Aktualności
Aneta Łabuda: Nie ma odpuszczania
W miniony wtorek MKS Perła Lublin pokonal w hali Globus Metraco Zagłębie Lubin. Jak ostatnią "Świętą wojnę" skomentowała skrzydłowa naszego zespołu, Aneta Łabuda?
- To były mega duże emocje. Przed tym meczem każda z nas była maksymalnie skoncentrowana na wygranej. Bardzo chciałyśmy zwyciężyć. Starałyśmy się wolą walki i sercem grać do samego końca. Kluczem do zwycięstwa była właśnie ta wola walki, stoczyłyśmy niesamowitą batalię w obronie o każdą piłkę i każdą akcję. A przecież mecze wygrywa się przede wszystkim defensywą - mówi popularna "Mała".
W ostatnim czasie mistrzynie Polski podkreślały, że ich celem jest unikanie nerwowych końcówek. Z "Miedziowymi" to się jednak nie udało. Jakie były tego przyczyny? - Lubimy budować napięcie i gramy pod kibiców - śmieje się Aneta. - Zagłębie to po prostu silny i godny rywal. Fajnie, że te mecze w czołówce są wyrównane, bo jest to dobre zarówno dla fanów, jak i dla naszego rozwoju. Tak mogłoby wyglądać każde spotkanie ligowe w sezonie - podkreśla zawodniczka.
Już w niedzielę biało-zielone zmierzą się na Globusie z Energą AZS Koszalin. Celem lublinianek jest podtrzymanie zwycięskiej serii. - Nie ma odpuszczania, walczymy o kolejne punkty. To już końcówka sezonu i nie da się ukryć, że zasoby energii są wyczerpane, ale trzeba się skoncentrować i zagrać na maksa. Rywalki na pewno też są zmęczone tak samo jak my, ale to nie znaczy, że nie będą rywalizować o pełną pulę, więc przed nami kolejny trudny mecz - przyznaje nasza skrzydłowa.
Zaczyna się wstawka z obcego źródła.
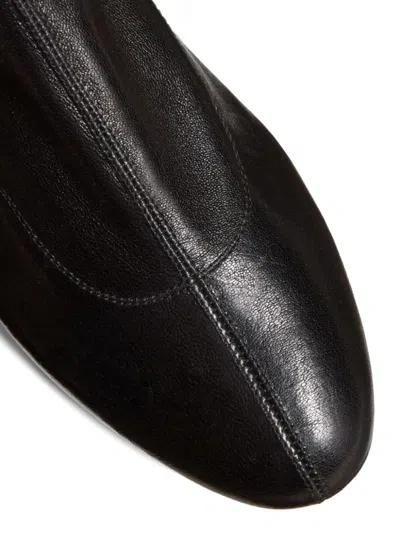 Khaite Apollo Leather Flat Ankle Boots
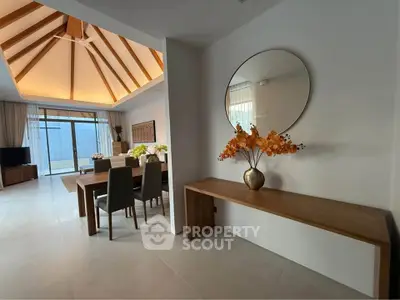 Spacious modern living room with vaulted ceiling and elegant dining area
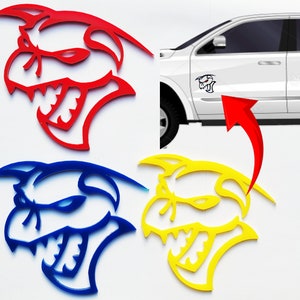 May include: Three car decals in red, blue, and yellow. Each decal features a stylized cartoon of a snarling, toothy creature with a menacing expression. The decals are perfect for adding a touch of personality to any vehicle.
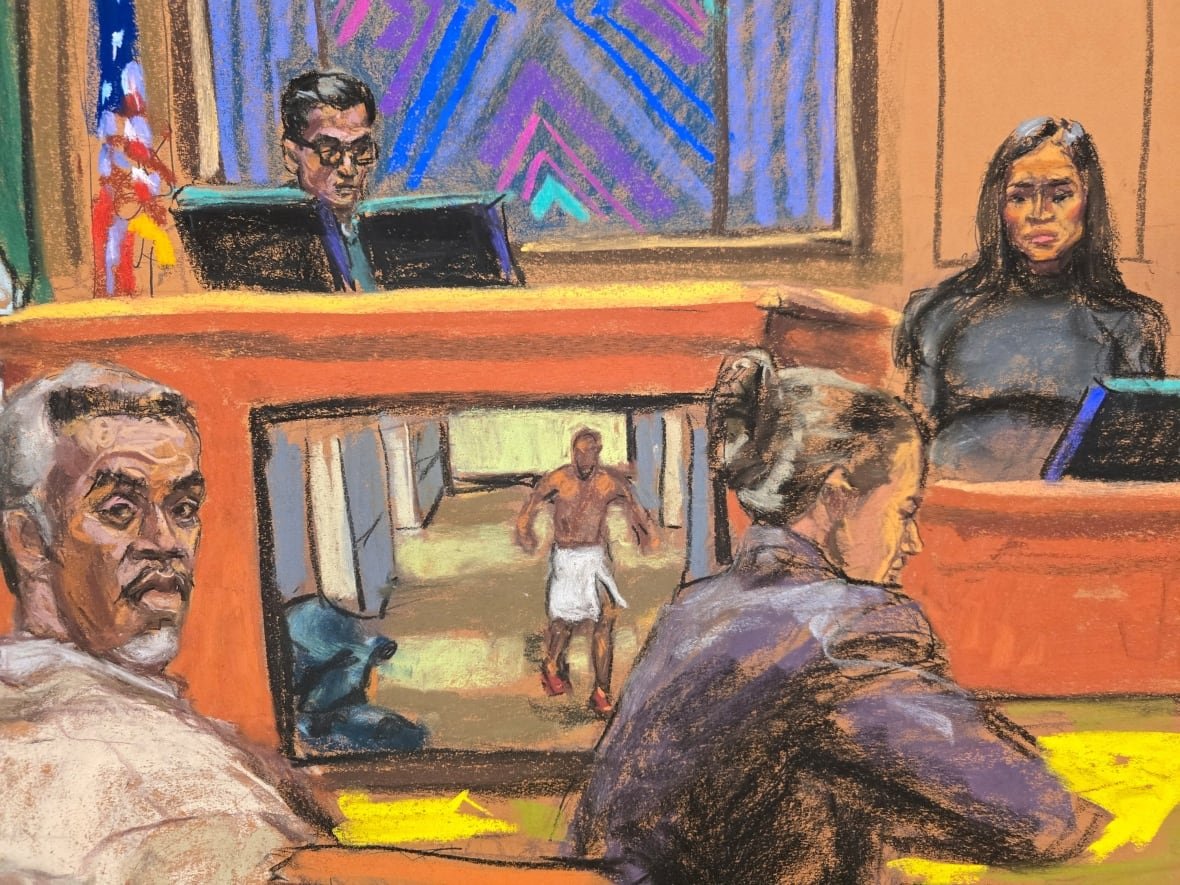cassie-sean-diddy-combs-trial-court-sketch-may-14 A courtroom sketch of a man with grey hair and beard sitting in front of a TV screen that shows a video of the same man walking in a hotel hallway wearing only a white towel. Beside him is a woman in a purple suit, sitting with her back turned. In the background, a woman in a black outfit sits on a court witness stand next to a male judge sitting behind the court bench.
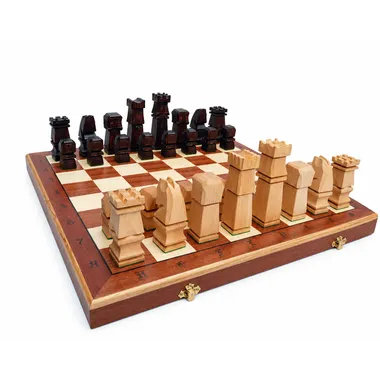 Cubic wooden chess set displayed on the open folding board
W poprzednich tygodniach Aneta pauzowała z powodu kontuzji. Kibice MKS Perła cieszą się, że kłopoty zdrowotne tej piłkarki już minęły. - Miałam trochę problemów z kolaniem, ale fizycznie czuję się już ok. Muszę się jeszcze wstrzelić z formą, ale na szczęście zostało nam do rozegrania kilka meczów, więc są szanse na poprawę - kończy Łabuda.